With the pictures left out, set down the line containing "VW Golf Gebrauchtwagen" and each line after it to the end of the material, exactly as written.

Recorded information
┏━━

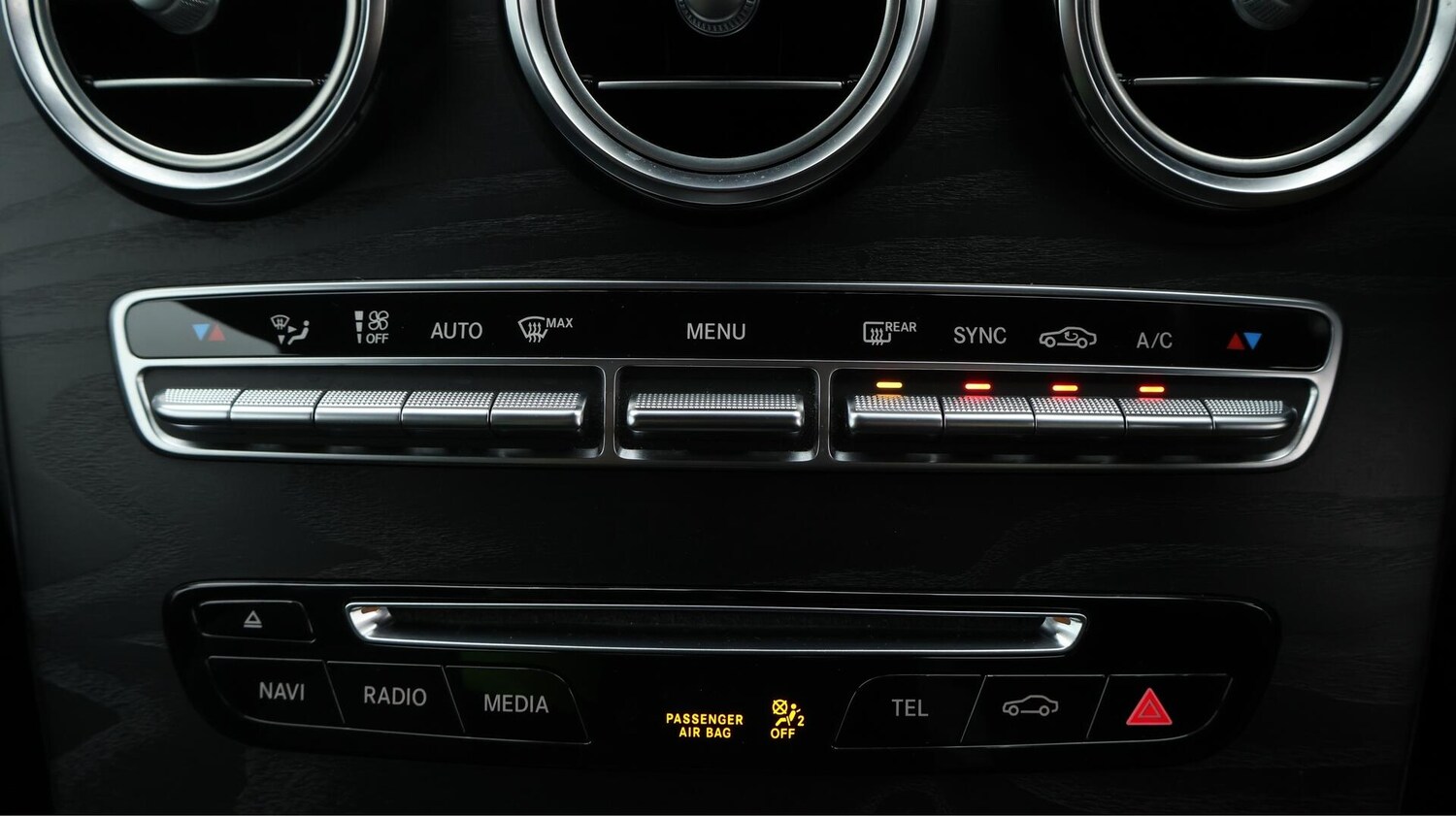 Used Mercedes-Benz GLC 2018 for sale - 76371730: Photo 13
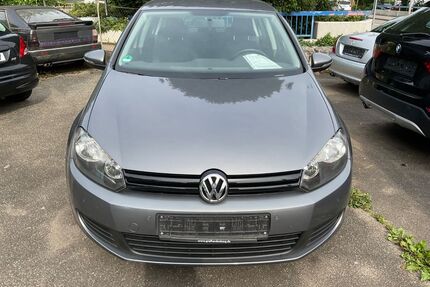 VW Golf Gebrauchtwagen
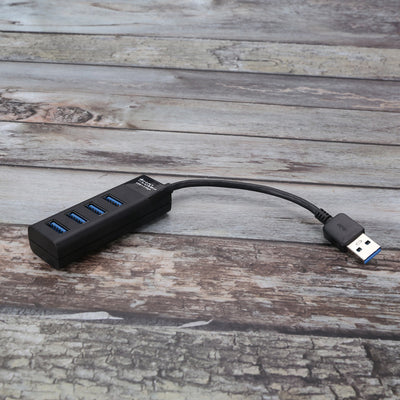 Concentrador USB 3.0 de Alta Velocidad - Divisor Múltiple - Image 4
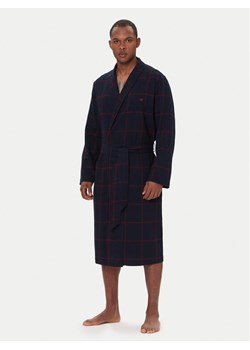 Emporio Armani Underwear Szlafrok EM002248 AF15008 FB058 Granatowy ze sklepu MODIVO w kategorii Szlafroki męskie - zdjęcie 186555842
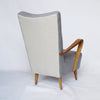 Osvaldo Borsani Armchair Italian Circa 1950 Jeroen Markies Art Deco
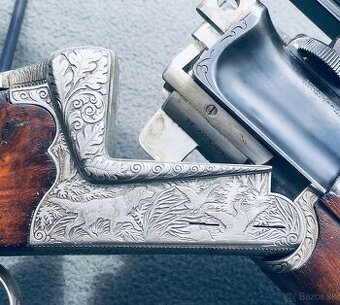 Guľobroková kozlica Sauer 6,5x57 R / 16
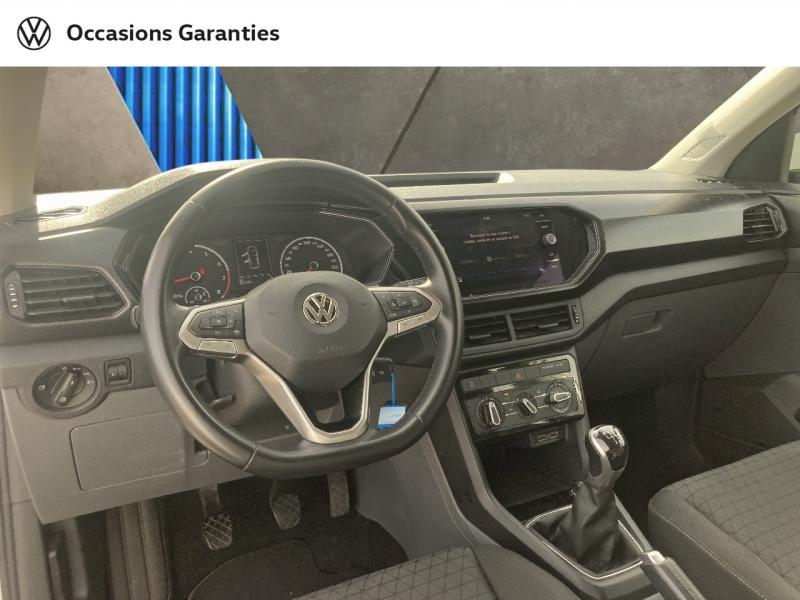 Voitures occasions VOLKSWAGEN T-CROSS Lounge Hazebrouck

┗━━

Problem solution
 VW Golf Gebrauchtwagen
 Concentrador USB 3.0 de Alta Velocidad - Divisor Múltiple - Image 4
 Emporio Armani Underwear Szlafrok EM002248 AF15008 FB058 Granatowy ze sklepu MODIVO w kategorii Szlafroki męskie - zdjęcie 186555842
 Osvaldo Borsani Armchair Italian Circa 1950 Jeroen Markies Art Deco
 Guľobroková kozlica Sauer 6,5x57 R / 16
 Voitures occasions VOLKSWAGEN T-CROSS Lounge Hazebrouck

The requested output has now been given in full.